Como a escola pública está formando os "programadores do futuro" (mesmo sem professores de informática)
- Tiago Primo
- 16 de jun.
- 3 min de leitura
Metadados do Estudo
Título Original da Tese: Metodologia MERCI: uma proposta para formação em Computação voltada para professores da Educação Básica.
Autora: Cris Elena Padilha da Silva.
Orientador: Prof. Dr. Tiago Thompsen Primo.

🎣 O Gancho: O desafio de ensinar o que não se aprendeu
A educação brasileira está diante de um desafio imenso. As novas diretrizes da Base Nacional Comum Curricular (BNCC) exigem que a Computação seja ensinada em todas as escolas de Educação Básica a partir de 2026. O objetivo é excelente: preparar nossas crianças para o futuro digital.
No entanto, há um obstáculo real: grande parte dos professores das redes públicas nunca teve contato com a Ciência da Computação em sua formação profissional. Além disso, muitas escolas enfrentam falta de infraestrutura e internet de qualidade. Como, então, exigir que um professor de Matemática, Artes ou Pedagogia ensine robótica e programação do zero? Foi para preencher essa lacuna que a Metodologia MERCI foi criada.
💡 O que descobrimos: Um método prático que transforma o professor
A pesquisa desenvolveu e testou a Metodologia MERCI, um modelo de treinamento passo a passo focado em preparar professores de diversas disciplinas para liderarem Clubes de Robótica e Computação Criativa (CRCC) dentro de escolas públicas.

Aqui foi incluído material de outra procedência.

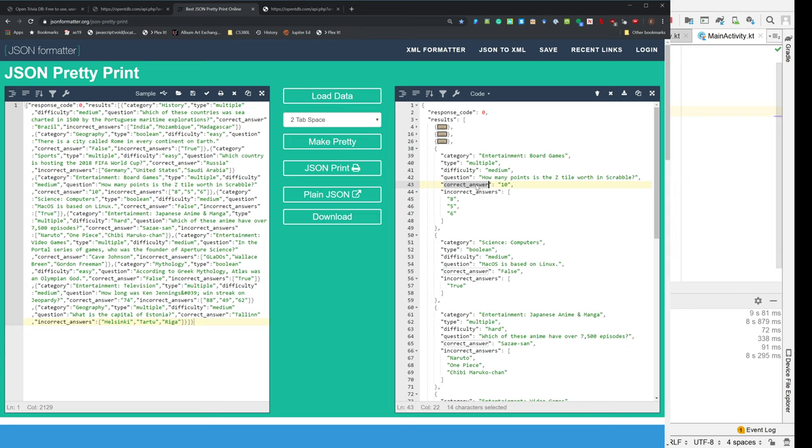JSON tends to use snake case. That's all lowercase separated by underscores and Kotlin likes camel case. So we would probably map this to correct and then capital answer. But even that you can use snake case in Kotlin and it will just give you a squiggly underline.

Aplicado na rede municipal de Pelotas (RS) ao longo de um ano, o estudo revelou evidências impactantes sobre como capacitar educadores de forma eficiente:
A virada de confiança: Antes do treinamento, a maioria dos 18 professores selecionados não se sentia confortável para ensinar tecnologia. Após a formação prática, 100% dos educadores relataram estar totalmente confortáveis para liderar atividades de robótica e programação.
Apoio na palma da mão: O sucesso do método se baseou em não deixar o professor sozinho. Foram entregues um e-book com o passo a passo de como montar um clube, kits físicos de componentes eletrônicos (como Arduino e sucata) e, crucialmente, uma rede de apoio constante via WhatsApp para tirar dúvidas rápidas.
Engajamento absoluto dos alunos: A resposta dos estudantes foi surpreendente. 100% dos alunos que responderam à pesquisa afirmaram ter alto interesse nas atividades e disseram que os clubes deveriam fazer parte das disciplinas obrigatórias.
Melhora nas outras matérias: Aprender programação não ajudou apenas na tecnologia. A maioria dos professores notou que os alunos melhoraram o desempenho em outras disciplinas tradicionais, como a Matemática, devido ao estímulo do raciocínio lógico e da resolução de problemas.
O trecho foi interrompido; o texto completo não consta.